*The input*.

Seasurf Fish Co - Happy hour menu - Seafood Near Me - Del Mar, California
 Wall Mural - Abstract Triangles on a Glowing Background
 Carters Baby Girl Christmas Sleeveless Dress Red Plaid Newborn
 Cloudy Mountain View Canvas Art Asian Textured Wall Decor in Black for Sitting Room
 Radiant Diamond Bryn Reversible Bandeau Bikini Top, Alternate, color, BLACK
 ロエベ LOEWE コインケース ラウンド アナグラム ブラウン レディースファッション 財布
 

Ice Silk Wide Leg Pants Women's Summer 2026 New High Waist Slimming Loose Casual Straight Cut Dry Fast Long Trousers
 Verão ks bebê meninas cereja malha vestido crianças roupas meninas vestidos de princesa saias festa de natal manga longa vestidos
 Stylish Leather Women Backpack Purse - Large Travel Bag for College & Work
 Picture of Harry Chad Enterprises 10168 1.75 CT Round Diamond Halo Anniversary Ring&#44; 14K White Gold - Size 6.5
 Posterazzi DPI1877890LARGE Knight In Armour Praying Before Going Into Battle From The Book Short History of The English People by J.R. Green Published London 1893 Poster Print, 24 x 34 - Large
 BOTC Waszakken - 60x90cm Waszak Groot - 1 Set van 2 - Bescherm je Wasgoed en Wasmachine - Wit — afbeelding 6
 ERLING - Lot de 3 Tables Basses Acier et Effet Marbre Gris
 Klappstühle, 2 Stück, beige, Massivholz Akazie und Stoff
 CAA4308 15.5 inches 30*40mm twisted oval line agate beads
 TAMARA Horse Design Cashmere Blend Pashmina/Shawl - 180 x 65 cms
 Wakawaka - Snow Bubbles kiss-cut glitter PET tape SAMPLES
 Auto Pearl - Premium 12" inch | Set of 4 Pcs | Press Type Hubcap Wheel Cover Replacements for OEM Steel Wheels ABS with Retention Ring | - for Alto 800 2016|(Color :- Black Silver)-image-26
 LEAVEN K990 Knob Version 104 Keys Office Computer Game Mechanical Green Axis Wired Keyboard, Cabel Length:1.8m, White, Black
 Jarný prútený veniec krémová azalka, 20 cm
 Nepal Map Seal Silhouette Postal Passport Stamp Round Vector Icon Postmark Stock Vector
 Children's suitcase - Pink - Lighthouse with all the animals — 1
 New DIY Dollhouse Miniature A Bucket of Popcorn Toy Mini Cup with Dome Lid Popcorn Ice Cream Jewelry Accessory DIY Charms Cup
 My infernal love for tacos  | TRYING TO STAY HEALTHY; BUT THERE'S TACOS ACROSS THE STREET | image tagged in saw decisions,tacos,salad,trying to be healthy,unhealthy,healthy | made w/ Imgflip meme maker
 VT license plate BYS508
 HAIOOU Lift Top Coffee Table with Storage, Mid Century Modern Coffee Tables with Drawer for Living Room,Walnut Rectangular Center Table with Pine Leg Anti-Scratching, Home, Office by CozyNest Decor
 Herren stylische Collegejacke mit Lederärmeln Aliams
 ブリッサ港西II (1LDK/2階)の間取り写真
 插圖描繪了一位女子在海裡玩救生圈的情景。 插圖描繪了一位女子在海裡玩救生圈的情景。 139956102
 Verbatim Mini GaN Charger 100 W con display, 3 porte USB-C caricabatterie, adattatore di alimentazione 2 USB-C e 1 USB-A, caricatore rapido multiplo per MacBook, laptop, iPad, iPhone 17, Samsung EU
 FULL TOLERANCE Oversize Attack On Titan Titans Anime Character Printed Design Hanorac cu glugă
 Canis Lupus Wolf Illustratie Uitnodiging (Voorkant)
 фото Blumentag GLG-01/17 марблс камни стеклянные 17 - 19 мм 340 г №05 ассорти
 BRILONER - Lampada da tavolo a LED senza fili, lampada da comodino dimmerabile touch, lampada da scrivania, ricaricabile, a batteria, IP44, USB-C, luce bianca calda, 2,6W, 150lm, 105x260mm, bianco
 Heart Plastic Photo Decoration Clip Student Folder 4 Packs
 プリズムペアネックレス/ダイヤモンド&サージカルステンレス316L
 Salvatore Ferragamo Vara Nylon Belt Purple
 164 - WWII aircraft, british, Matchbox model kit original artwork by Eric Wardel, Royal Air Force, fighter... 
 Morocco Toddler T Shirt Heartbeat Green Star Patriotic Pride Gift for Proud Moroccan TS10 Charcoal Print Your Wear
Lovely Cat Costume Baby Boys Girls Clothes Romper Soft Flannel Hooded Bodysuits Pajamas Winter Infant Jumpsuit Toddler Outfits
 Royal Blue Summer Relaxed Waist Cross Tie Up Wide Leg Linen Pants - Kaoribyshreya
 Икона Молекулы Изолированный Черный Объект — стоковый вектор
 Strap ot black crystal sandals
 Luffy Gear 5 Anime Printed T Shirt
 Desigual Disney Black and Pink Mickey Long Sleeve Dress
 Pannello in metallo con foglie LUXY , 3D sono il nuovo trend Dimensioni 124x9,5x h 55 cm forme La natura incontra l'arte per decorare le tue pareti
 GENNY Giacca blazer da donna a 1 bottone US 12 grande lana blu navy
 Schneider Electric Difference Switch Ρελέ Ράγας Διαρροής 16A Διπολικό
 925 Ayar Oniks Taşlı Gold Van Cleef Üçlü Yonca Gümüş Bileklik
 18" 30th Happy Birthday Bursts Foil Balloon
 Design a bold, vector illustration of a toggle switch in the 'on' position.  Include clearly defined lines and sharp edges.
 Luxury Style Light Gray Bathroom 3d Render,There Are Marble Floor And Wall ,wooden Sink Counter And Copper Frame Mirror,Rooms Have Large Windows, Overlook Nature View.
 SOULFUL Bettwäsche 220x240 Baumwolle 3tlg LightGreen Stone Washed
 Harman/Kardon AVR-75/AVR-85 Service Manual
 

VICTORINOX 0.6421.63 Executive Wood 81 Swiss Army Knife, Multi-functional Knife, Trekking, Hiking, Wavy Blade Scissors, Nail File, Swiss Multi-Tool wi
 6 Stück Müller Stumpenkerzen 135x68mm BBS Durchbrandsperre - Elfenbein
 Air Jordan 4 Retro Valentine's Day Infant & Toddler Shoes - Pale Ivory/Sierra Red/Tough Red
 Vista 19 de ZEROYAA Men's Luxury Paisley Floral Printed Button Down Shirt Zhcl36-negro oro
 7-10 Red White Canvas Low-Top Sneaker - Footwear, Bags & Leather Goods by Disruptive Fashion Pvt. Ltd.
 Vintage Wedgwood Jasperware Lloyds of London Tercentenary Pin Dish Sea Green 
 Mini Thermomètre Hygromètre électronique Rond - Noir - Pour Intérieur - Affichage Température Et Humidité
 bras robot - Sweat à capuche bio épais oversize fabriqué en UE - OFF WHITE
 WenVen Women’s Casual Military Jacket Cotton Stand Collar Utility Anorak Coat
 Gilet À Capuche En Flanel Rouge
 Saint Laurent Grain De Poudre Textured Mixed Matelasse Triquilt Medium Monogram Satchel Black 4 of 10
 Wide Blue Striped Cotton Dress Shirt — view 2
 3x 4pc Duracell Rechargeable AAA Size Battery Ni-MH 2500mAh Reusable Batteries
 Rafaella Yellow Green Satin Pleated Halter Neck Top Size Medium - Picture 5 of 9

*About this exercise*.
Return the entries above word for word.

*The completed task*.
Seasurf Fish Co - Happy hour menu - Seafood Near Me - Del Mar, California
 Wall Mural - Abstract Triangles on a Glowing Background
 Carters Baby Girl Christmas Sleeveless Dress Red Plaid Newborn
 Cloudy Mountain View Canvas Art Asian Textured Wall Decor in Black for Sitting Room
 Radiant Diamond Bryn Reversible Bandeau Bikini Top, Alternate, color, BLACK
 ロエベ LOEWE コインケース ラウンド アナグラム ブラウン レディースファッション 財布
 

Ice Silk Wide Leg Pants Women's Summer 2026 New High Waist Slimming Loose Casual Straight Cut Dry Fast Long Trousers
 Verão ks bebê meninas cereja malha vestido crianças roupas meninas vestidos de princesa saias festa de natal manga longa vestidos
 Stylish Leather Women Backpack Purse - Large Travel Bag for College & Work
 Picture of Harry Chad Enterprises 10168 1.75 CT Round Diamond Halo Anniversary Ring&#44; 14K White Gold - Size 6.5
 Posterazzi DPI1877890LARGE Knight In Armour Praying Before Going Into Battle From The Book Short History of The English People by J.R. Green Published London 1893 Poster Print, 24 x 34 - Large
 BOTC Waszakken - 60x90cm Waszak Groot - 1 Set van 2 - Bescherm je Wasgoed en Wasmachine - Wit — afbeelding 6
 ERLING - Lot de 3 Tables Basses Acier et Effet Marbre Gris
 Klappstühle, 2 Stück, beige, Massivholz Akazie und Stoff
 CAA4308 15.5 inches 30*40mm twisted oval line agate beads
 TAMARA Horse Design Cashmere Blend Pashmina/Shawl - 180 x 65 cms
 Wakawaka - Snow Bubbles kiss-cut glitter PET tape SAMPLES
 Auto Pearl - Premium 12" inch | Set of 4 Pcs | Press Type Hubcap Wheel Cover Replacements for OEM Steel Wheels ABS with Retention Ring | - for Alto 800 2016|(Color :- Black Silver)-image-26
 LEAVEN K990 Knob Version 104 Keys Office Computer Game Mechanical Green Axis Wired Keyboard, Cabel Length:1.8m, White, Black
 Jarný prútený veniec krémová azalka, 20 cm
 Nepal Map Seal Silhouette Postal Passport Stamp Round Vector Icon Postmark Stock Vector
 Children's suitcase - Pink - Lighthouse with all the animals — 1
 New DIY Dollhouse Miniature A Bucket of Popcorn Toy Mini Cup with Dome Lid Popcorn Ice Cream Jewelry Accessory DIY Charms Cup
 My infernal love for tacos  | TRYING TO STAY HEALTHY; BUT THERE'S TACOS ACROSS THE STREET | image tagged in saw decisions,tacos,salad,trying to be healthy,unhealthy,healthy | made w/ Imgflip meme maker
 VT license plate BYS508
 HAIOOU Lift Top Coffee Table with Storage, Mid Century Modern Coffee Tables with Drawer for Living Room,Walnut Rectangular Center Table with Pine Leg Anti-Scratching, Home, Office by CozyNest Decor
 Herren stylische Collegejacke mit Lederärmeln Aliams
 ブリッサ港西II (1LDK/2階)の間取り写真
 插圖描繪了一位女子在海裡玩救生圈的情景。 插圖描繪了一位女子在海裡玩救生圈的情景。 139956102
 Verbatim Mini GaN Charger 100 W con display, 3 porte USB-C caricabatterie, adattatore di alimentazione 2 USB-C e 1 USB-A, caricatore rapido multiplo per MacBook, laptop, iPad, iPhone 17, Samsung EU
 FULL TOLERANCE Oversize Attack On Titan Titans Anime Character Printed Design Hanorac cu glugă
 Canis Lupus Wolf Illustratie Uitnodiging (Voorkant)
 фото Blumentag GLG-01/17 марблс камни стеклянные 17 - 19 мм 340 г №05 ассорти
 BRILONER - Lampada da tavolo a LED senza fili, lampada da comodino dimmerabile touch, lampada da scrivania, ricaricabile, a batteria, IP44, USB-C, luce bianca calda, 2,6W, 150lm, 105x260mm, bianco
 Heart Plastic Photo Decoration Clip Student Folder 4 Packs
 プリズムペアネックレス/ダイヤモンド&サージカルステンレス316L
 Salvatore Ferragamo Vara Nylon Belt Purple
 164 - WWII aircraft, british, Matchbox model kit original artwork by Eric Wardel, Royal Air Force, fighter... 
 Morocco Toddler T Shirt Heartbeat Green Star Patriotic Pride Gift for Proud Moroccan TS10 Charcoal Print Your Wear
Lovely Cat Costume Baby Boys Girls Clothes Romper Soft Flannel Hooded Bodysuits Pajamas Winter Infant Jumpsuit Toddler Outfits
 Royal Blue Summer Relaxed Waist Cross Tie Up Wide Leg Linen Pants - Kaoribyshreya
 Икона Молекулы Изолированный Черный Объект — стоковый вектор
 Strap ot black crystal sandals
 Luffy Gear 5 Anime Printed T Shirt
 Desigual Disney Black and Pink Mickey Long Sleeve Dress
 Pannello in metallo con foglie LUXY , 3D sono il nuovo trend Dimensioni 124x9,5x h 55 cm forme La natura incontra l'arte per decorare le tue pareti
 GENNY Giacca blazer da donna a 1 bottone US 12 grande lana blu navy
 Schneider Electric Difference Switch Ρελέ Ράγας Διαρροής 16A Διπολικό
 925 Ayar Oniks Taşlı Gold Van Cleef Üçlü Yonca Gümüş Bileklik
 18" 30th Happy Birthday Bursts Foil Balloon
 Design a bold, vector illustration of a toggle switch in the 'on' position.  Include clearly defined lines and sharp edges.
 Luxury Style Light Gray Bathroom 3d Render,There Are Marble Floor And Wall ,wooden Sink Counter And Copper Frame Mirror,Rooms Have Large Windows, Overlook Nature View.
 SOULFUL Bettwäsche 220x240 Baumwolle 3tlg LightGreen Stone Washed
 Harman/Kardon AVR-75/AVR-85 Service Manual
 

VICTORINOX 0.6421.63 Executive Wood 81 Swiss Army Knife, Multi-functional Knife, Trekking, Hiking, Wavy Blade Scissors, Nail File, Swiss Multi-Tool wi
 6 Stück Müller Stumpenkerzen 135x68mm BBS Durchbrandsperre - Elfenbein
 Air Jordan 4 Retro Valentine's Day Infant & Toddler Shoes - Pale Ivory/Sierra Red/Tough Red
 Vista 19 de ZEROYAA Men's Luxury Paisley Floral Printed Button Down Shirt Zhcl36-negro oro
 7-10 Red White Canvas Low-Top Sneaker - Footwear, Bags & Leather Goods by Disruptive Fashion Pvt. Ltd.
 Vintage Wedgwood Jasperware Lloyds of London Tercentenary Pin Dish Sea Green 
 Mini Thermomètre Hygromètre électronique Rond - Noir - Pour Intérieur - Affichage Température Et Humidité
 bras robot - Sweat à capuche bio épais oversize fabriqué en UE - OFF WHITE
 WenVen Women’s Casual Military Jacket Cotton Stand Collar Utility Anorak Coat
 Gilet À Capuche En Flanel Rouge
 Saint Laurent Grain De Poudre Textured Mixed Matelasse Triquilt Medium Monogram Satchel Black 4 of 10
 Wide Blue Striped Cotton Dress Shirt — view 2
 3x 4pc Duracell Rechargeable AAA Size Battery Ni-MH 2500mAh Reusable Batteries
 Rafaella Yellow Green Satin Pleated Halter Neck Top Size Medium - Picture 5 of 9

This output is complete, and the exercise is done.